Early last month, a man in northern California filed a civil lawsuit against American Express after the credit card company removed 100,000 Membership Rewards points from his account. He is seeking more than $1 million in damages.

As detailed in the Northern California Record, the plaintiff opened a credit card account with American Express in May, when the company offered him a special promotion that promised him 100,000 points if he spent $3,000 within three months. Court records show that he spent just under $3,700, and was indeed credited with the Membership Rewards points.

American Express revoked the points, however, when they perceived that the plaintiff was trying to deceive them.

When Fake Points Are Worth Real Money

The initial deal would have been enticing to almost anyone. Rewards points carry an estimated value of 1.9 cents each; as such, participants in this program would receive a bonus worth approximately $1,900.

Yet in the current case, American Express found that the plaintiff “had used his card inappropriately and with the intent to defraud.” (What exactly the plaintiff may have done is not yet clear.)

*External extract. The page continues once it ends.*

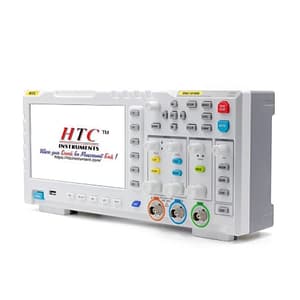 HTC 100 MHz / 1GS/s Dual Channel Digital Oscilloscope & Function Generator, DSO-10100S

When the company removed his points, the plaintiff allegedly suffered “severe and emotional distress” as well as damage to his credit rating and financial standing. As such, he is seeking compensation for defamation, fraud, and intentional infliction of emotional distress.

What Will The Outcome Be?

Banks and credit card companies have a long history of disserving their customers. They target low-income earners and charge excessive fees. Earlier this year, of course, Wells Fargo was chastised for its practice of opening client accounts without those clients’ knowledge.

Whether the plaintiff in American Express filing will succeed in court has yet to be determined. It seems the case will hinge on which side can prove it endured the most deception. The plaintiff is doing himself no favors to this end; he’s representing himself as an attorney-pro-se.